*What is needed:*
Repeat word for word the opening stretch of the entries, from the first line through the line containing "టీబీ డ్యాం నుంచి కొనసాగుతున్న నీటి విడుదల".

*Given information:*
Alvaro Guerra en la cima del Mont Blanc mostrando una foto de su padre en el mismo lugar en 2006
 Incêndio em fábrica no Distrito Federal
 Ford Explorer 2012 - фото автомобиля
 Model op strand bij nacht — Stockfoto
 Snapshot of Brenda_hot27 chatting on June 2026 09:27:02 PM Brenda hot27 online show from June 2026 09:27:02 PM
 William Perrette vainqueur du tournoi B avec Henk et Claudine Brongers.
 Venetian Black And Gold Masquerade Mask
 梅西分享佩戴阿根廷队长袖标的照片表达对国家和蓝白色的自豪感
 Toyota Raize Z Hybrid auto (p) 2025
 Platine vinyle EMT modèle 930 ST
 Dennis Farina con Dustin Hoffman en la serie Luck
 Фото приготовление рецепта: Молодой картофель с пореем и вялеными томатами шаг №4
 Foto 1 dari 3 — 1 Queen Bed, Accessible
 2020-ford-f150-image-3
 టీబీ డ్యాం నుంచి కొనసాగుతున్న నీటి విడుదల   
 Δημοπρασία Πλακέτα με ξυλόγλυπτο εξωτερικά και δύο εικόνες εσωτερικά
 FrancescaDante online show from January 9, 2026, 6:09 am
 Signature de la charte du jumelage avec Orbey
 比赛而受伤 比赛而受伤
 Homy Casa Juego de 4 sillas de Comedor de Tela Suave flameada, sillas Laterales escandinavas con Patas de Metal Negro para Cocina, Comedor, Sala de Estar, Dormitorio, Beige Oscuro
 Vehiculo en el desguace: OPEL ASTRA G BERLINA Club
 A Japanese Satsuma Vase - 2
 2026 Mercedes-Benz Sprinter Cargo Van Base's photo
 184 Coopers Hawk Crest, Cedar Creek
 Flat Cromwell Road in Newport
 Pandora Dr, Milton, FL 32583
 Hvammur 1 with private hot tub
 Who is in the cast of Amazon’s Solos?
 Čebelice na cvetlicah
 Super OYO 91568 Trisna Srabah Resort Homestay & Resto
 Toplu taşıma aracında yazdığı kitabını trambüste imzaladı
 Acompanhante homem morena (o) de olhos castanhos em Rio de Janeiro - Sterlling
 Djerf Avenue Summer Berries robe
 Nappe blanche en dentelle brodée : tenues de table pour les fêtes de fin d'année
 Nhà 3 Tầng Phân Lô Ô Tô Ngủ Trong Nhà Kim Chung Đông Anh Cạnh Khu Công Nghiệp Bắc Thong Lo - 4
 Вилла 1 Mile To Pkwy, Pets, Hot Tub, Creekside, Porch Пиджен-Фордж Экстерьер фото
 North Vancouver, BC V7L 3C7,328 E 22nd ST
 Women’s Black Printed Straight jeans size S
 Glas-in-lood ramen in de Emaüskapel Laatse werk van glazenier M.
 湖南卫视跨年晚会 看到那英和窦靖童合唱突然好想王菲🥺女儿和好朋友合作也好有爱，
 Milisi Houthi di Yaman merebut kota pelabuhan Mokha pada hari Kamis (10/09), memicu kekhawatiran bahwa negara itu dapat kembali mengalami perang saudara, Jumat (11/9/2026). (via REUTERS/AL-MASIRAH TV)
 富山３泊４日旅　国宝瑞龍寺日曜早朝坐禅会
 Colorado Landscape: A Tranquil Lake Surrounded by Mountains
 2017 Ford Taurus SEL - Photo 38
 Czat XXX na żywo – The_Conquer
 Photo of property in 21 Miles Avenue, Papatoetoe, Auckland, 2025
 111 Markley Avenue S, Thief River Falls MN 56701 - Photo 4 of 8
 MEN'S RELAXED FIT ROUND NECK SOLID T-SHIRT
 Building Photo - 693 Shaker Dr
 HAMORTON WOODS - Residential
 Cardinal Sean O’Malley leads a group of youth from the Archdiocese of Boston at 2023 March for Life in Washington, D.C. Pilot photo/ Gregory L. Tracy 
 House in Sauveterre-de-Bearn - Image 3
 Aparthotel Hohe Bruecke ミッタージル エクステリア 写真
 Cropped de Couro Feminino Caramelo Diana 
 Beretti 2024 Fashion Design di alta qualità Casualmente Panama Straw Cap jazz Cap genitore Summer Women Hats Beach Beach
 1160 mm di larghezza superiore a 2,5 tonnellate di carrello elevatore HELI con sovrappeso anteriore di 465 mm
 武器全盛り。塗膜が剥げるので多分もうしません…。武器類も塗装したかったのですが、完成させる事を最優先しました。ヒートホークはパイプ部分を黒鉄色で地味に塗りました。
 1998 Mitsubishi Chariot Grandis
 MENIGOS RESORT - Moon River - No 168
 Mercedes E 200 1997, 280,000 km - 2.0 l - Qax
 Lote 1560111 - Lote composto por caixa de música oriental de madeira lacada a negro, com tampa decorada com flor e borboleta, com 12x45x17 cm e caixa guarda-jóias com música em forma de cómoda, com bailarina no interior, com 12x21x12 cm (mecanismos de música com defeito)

*Response to this task:*
Alvaro Guerra en la cima del Mont Blanc mostrando una foto de su padre en el mismo lugar en 2006
 Incêndio em fábrica no Distrito Federal
 Ford Explorer 2012 - фото автомобиля
 Model op strand bij nacht — Stockfoto
 Snapshot of Brenda_hot27 chatting on June 2026 09:27:02 PM Brenda hot27 online show from June 2026 09:27:02 PM
 William Perrette vainqueur du tournoi B avec Henk et Claudine Brongers.
 Venetian Black And Gold Masquerade Mask
 梅西分享佩戴阿根廷队长袖标的照片表达对国家和蓝白色的自豪感
 Toyota Raize Z Hybrid auto (p) 2025
 Platine vinyle EMT modèle 930 ST
 Dennis Farina con Dustin Hoffman en la serie Luck
 Фото приготовление рецепта: Молодой картофель с пореем и вялеными томатами шаг №4
 Foto 1 dari 3 — 1 Queen Bed, Accessible
 2020-ford-f150-image-3
 టీబీ డ్యాం నుంచి కొనసాగుతున్న నీటి విడుదల   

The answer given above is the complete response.